DATA:
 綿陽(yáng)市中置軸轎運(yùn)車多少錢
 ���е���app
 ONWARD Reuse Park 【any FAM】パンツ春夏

---

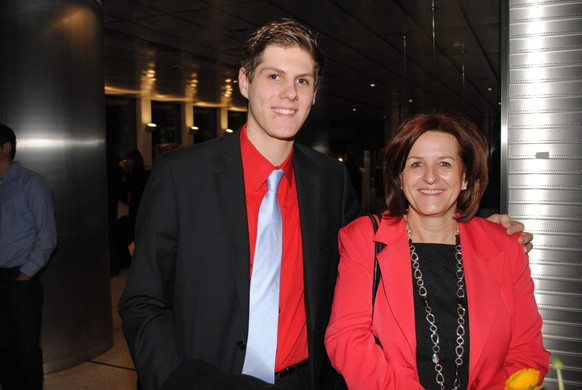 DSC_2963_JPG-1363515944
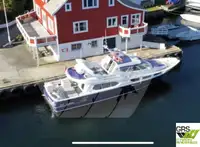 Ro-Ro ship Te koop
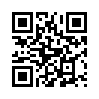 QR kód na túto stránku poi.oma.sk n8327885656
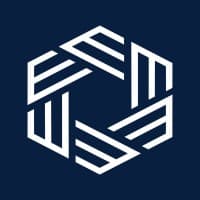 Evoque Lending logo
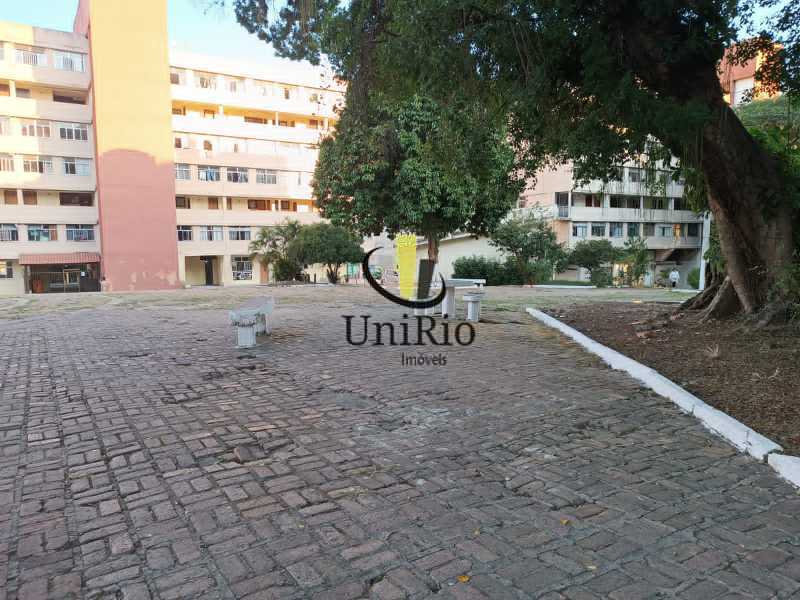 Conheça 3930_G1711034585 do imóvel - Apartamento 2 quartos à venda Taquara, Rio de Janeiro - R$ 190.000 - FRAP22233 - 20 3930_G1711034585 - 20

---

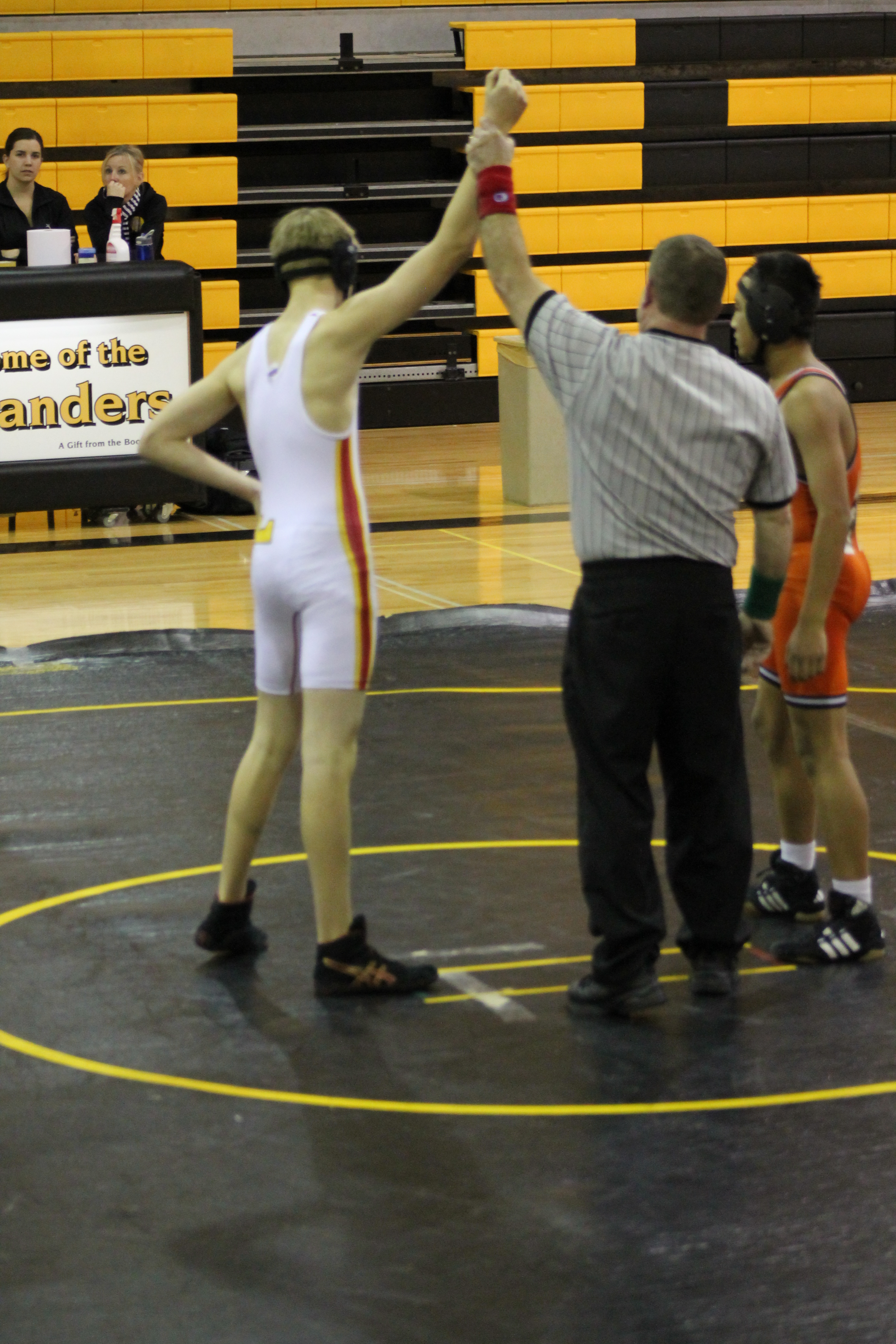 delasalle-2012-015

PROBLEM: Copy everything above from the line holding "DSC_2963_JPG-1363515944" down to the line holding "Conheça 3930_G1711034585 do", both ends included, exactly as it stands and without the pictures.

TASK RESULT:
 DSC_2963_JPG-1363515944
 Ro-Ro ship Te koop
 QR kód na túto stránku poi.oma.sk n8327885656
 Evoque Lending logo
 Conheça 3930_G1711034585 do imóvel - Apartamento 2 quartos à venda Taquara, Rio de Janeiro - R$ 190.000 - FRAP22233 - 20 3930_G1711034585 - 20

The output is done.